There is a problem in CSES known as Functional Graph Distribution that involves graphs and combinatorics. I solved this problem, but it was tough. I didn’t solve it at first sight, but one day I managed to solve it, and this story is about that day. To solve the problem, I ended up using Stirling numbers without knowing them. I thought it was just a difficult solution based on dynamic programming and combinatorics, but after seeing other people’s solutions and learning what Stirling numbers were, I found out what I had actually done.
The solution
#include "bits/stdc++.h"
using namespace std;
#define INF 1000000000
#define INFLL 1000000000000000000ll
#define EPS 1e-9
#define all(x) x.begin(),x.end()
#define rall(x) x.rbegin(),x.rend()
#define pb push_back
#define fi first
#define sc second
using i64 = long long;
using u64 = unsigned long long;
using ld = long double;
using ii = pair<int, int>;
using i128 = __int128;
const int N = 5e3 + 10, MOD = 1e9 + 7;
int f[N][N], c[N][N], dp[N], pt[N];
int main(int argc, char* argv[]) {
ios_base :: sync_with_stdio(false);
cin.tie(0);
int n;
cin >> n;
f[0][0] = c[0][0] = pt[0] = 1;
for(int i = 1; i <= n; ++i) pt[i] = (i64)n * pt[i - 1] % MOD;
for(int i = 1; i <= n; ++i) {
c[i][0] = c[i][i] = 1;
for(int j = 1; j < i; ++j) {
c[i][j] = c[i - 1][j] + c[i - 1][j - 1];
if(c[i][j] >= MOD) c[i][j] -= MOD;
}
for(int j = 1; j <= n; ++j)
f[i][j] = ((j - 1ll) * f[i][j - 1] + f[i - 1][j - 1]) % MOD;
}
for(int i = n; i; --i)
for(int j = 1; j <= n; ++j)
dp[i] = (dp[i] + (i64)f[i][j] * c[n][j] % MOD * pt[n - j]) % MOD;
for(int i = n; i; --i) {
dp[i] = (dp[i] + MOD) % MOD;
for(int j = i - 1; j; --j)
dp[j] = (dp[j] - (i64)dp[i] * c[i][j]) % MOD;
}
for(int i = 1; i <= n; ++i) cout << dp[i] << '\n';
return 0;
}
Why It Works?
The purpose of the solution above is to count cycles with some nodes of permutation of $1, \ldots, n$, and then attach trees to the nodes of the cycles. For that, we find the values of the function $f(i, j)$ (this is the Stirling Number), where $i$ is the number of cycles and $j$ is the number of nodes. These values can be found using dynamic programming with the following transitions:
$f(0, 0) = 1\,(mod\,10^{9} + 7)$
$f(i, j) = ((j - 1) * f(i, j - 1) + f(i - 1, j - 1)) (mod\,10^{9} + 7)$
which means: given that we are adding the $j$-th node, it can be alone in a new cycle or can belong to one of the $i$ cycles; thus, it can have a direct edge to some of the $(j - 1)$ nodes.

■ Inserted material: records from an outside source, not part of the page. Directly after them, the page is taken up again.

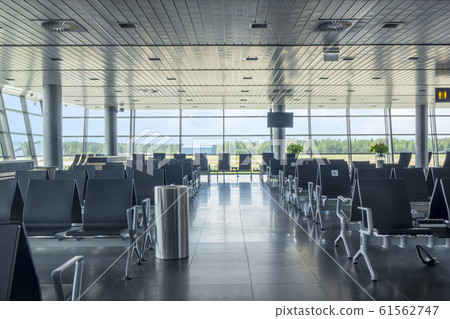 Modern airport waiting hall interior with empty chairs. Modern airport waiting hall interior with empty chairs. 61562747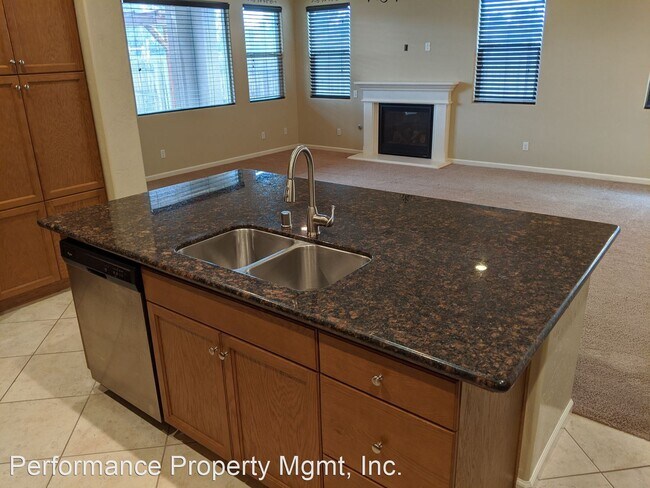 Building Photo - 4 br, 3 bath House - 7664 E. Giavanna Ave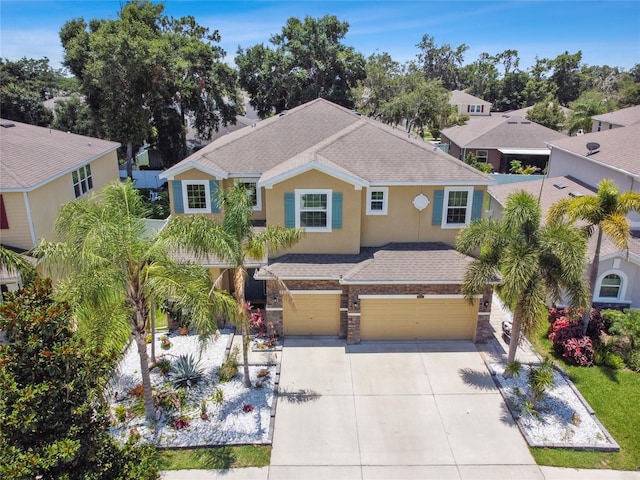 view of front of property with a garage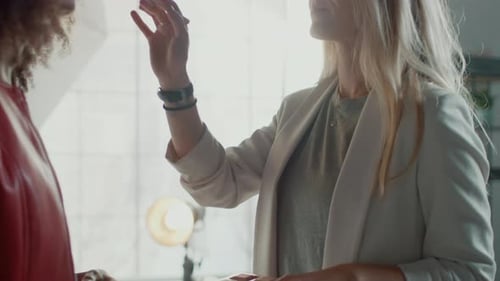Make-up Artist Applying Cosmetics on Model in Studio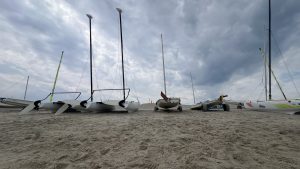 Several catamarans and sailboats sitting on the bayside beach with sand in the foreground and whispy clouds in the background (Lewes Public Beach, Delaware)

Now, we need to find the count of functional graph components, and some nodes do not belong to any cycle; thus, these nodes are in trees. For that, we use this formula:
$dp(i) = (dp(i) + f(i, j) * \binom{n}{j} * n^{n - j}) (mod\,10^{9} + 7)$ $(\forall\,1 \le j \le n)$
We choose a subset of $j$ nodes from the $n$ nodes and, for the remaining nodes, we add an edge to some other node. However, there is a problem: this can lead to more components, which we do not want.
Here we use the inclusion–exclusion principle to avoid repetitions that can appear in the last step. Therefore, if we compute the values of $dp(i)$ in descending order of $i$ and remove the repetitions for $j < i$, then at the current step $i$ the value is correct.
With this formula we can remove the repetitions:
$dp(j) = (dp(j) - dp(i) * \binom{i}{j})\,(mod\,10^{9} + 7)$
We remove $dp(i) * \binom{i}{j}$ from $dp(j)$ because any subset of $j$ components among the $i$ components can appear in $dp(j)$.